● **Records shown**
====

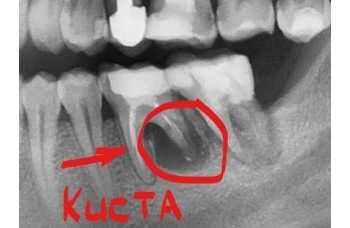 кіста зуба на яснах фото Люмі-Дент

====

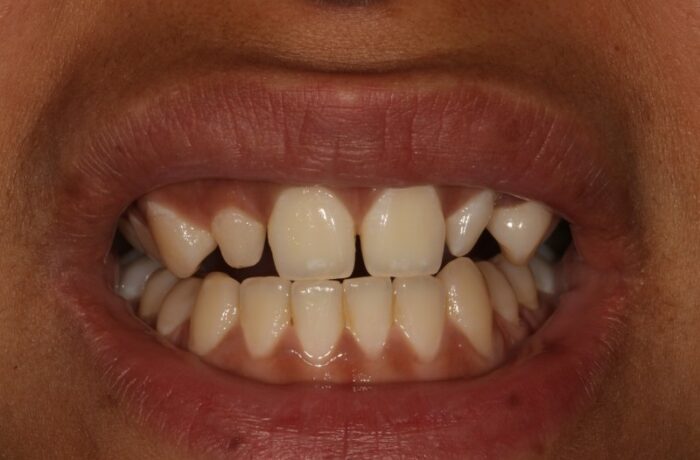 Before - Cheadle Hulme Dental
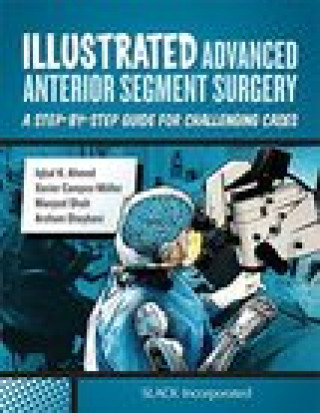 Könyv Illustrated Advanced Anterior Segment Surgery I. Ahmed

====

● **Task**
Lines wanted from the entries above: the one with "Before - Cheadle Hulme Dental", the one with "Könyv Illustrated Advanced", and all lines between. Please copy them exactly, without the pictures and without anything else.

● **Exercise solution**
 Before - Cheadle Hulme Dental
 Könyv Illustrated Advanced Anterior Segment Surgery I. Ahmed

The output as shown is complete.